Entries provided:

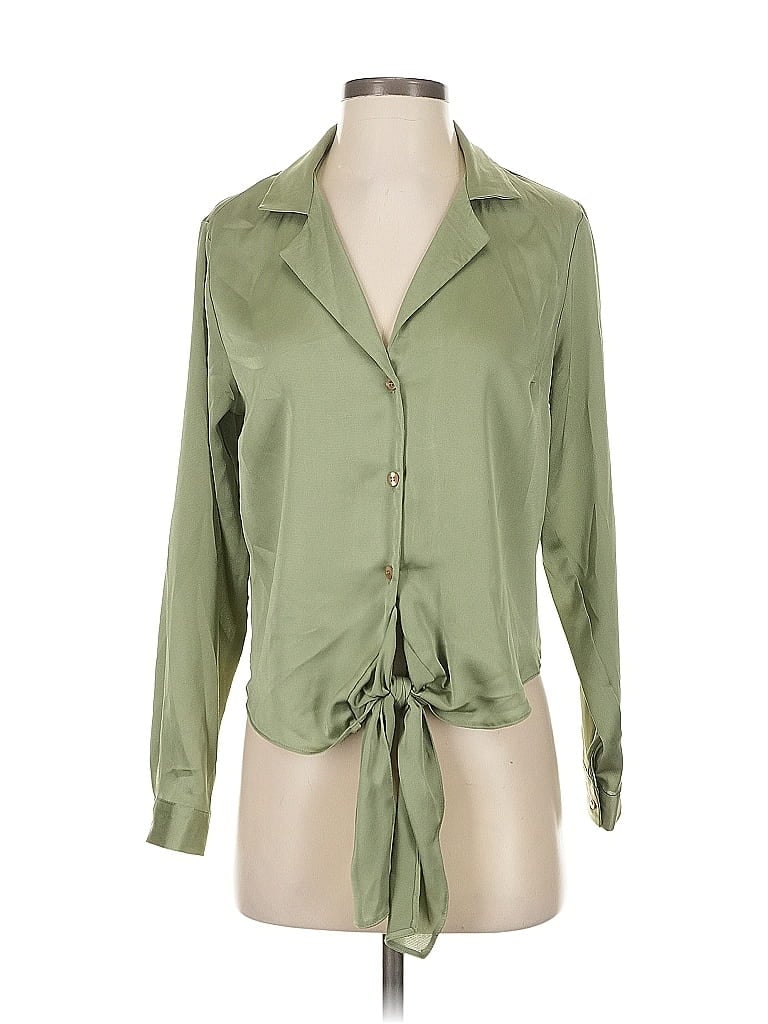 Pre-owned Asos Design Long Sleeve Blouse In Green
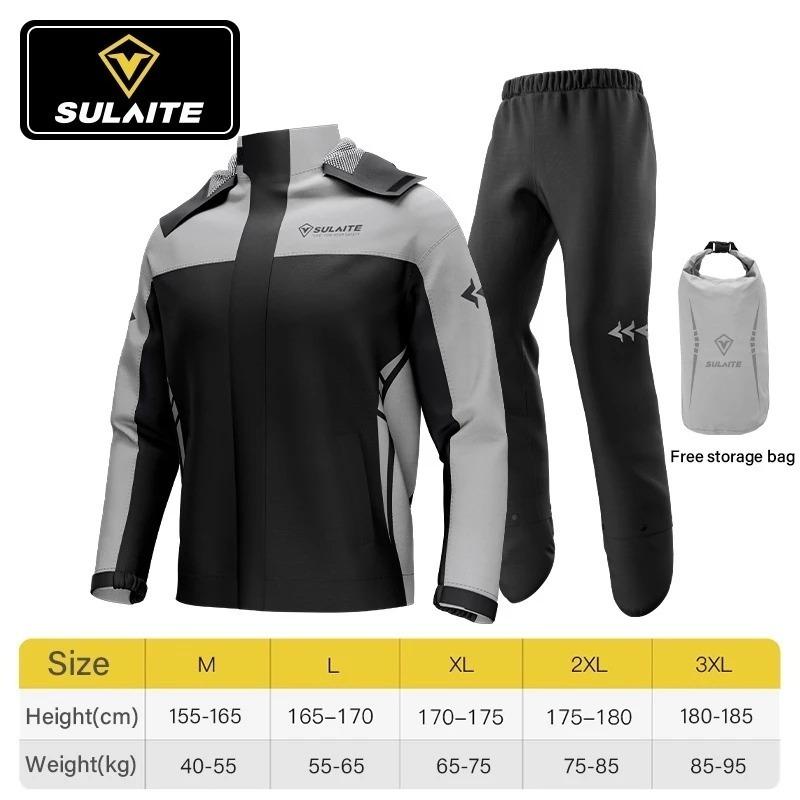 SULAITE tahan air outdoor baju hujan pria sepeda motor dan hiking berkualitas tinggi tas penyimpanan gratis ukuran M-3XL hoodie tepi olahraga baju hujan ringan lipat dengan penutup sepatu original raf jas dewasa Sport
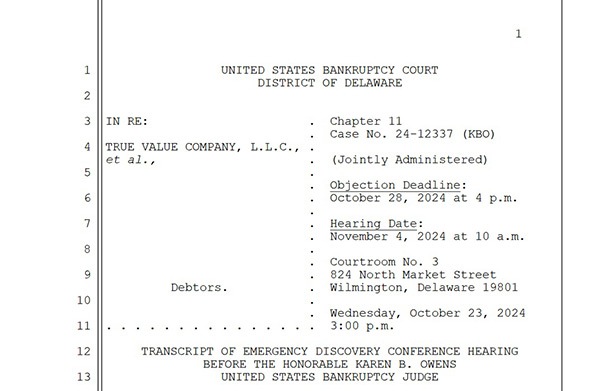 HC Website News TV court filing True Value Sale, Carter Lumber Expansion, and Much More Industry News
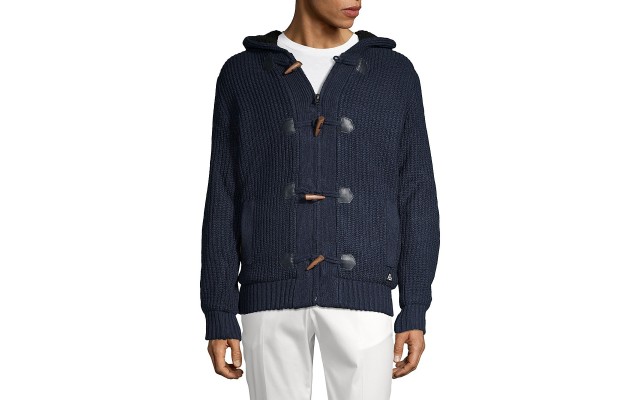  Men’s Faux Fur Toggle Sweater, Navy, Medium
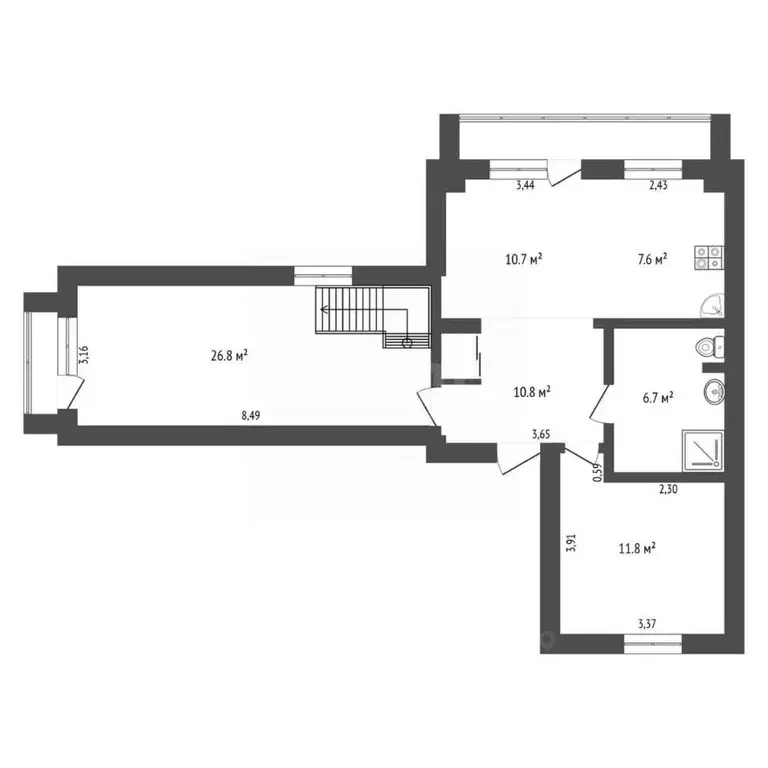 6-к кв. Амурская область, Благовещенск Партизанская ул., 19/1 (144.0 ... - Фото 2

Assigned task:
Word for word, return the material above; the pictures stay out.

Response:
 Pre-owned Asos Design Long Sleeve Blouse In Green
 SULAITE tahan air outdoor baju hujan pria sepeda motor dan hiking berkualitas tinggi tas penyimpanan gratis ukuran M-3XL hoodie tepi olahraga baju hujan ringan lipat dengan penutup sepatu original raf jas dewasa Sport
 HC Website News TV court filing True Value Sale, Carter Lumber Expansion, and Much More Industry News
  Men’s Faux Fur Toggle Sweater, Navy, Medium
 6-к кв. Амурская область, Благовещенск Партизанская ул., 19/1 (144.0 ... - Фото 2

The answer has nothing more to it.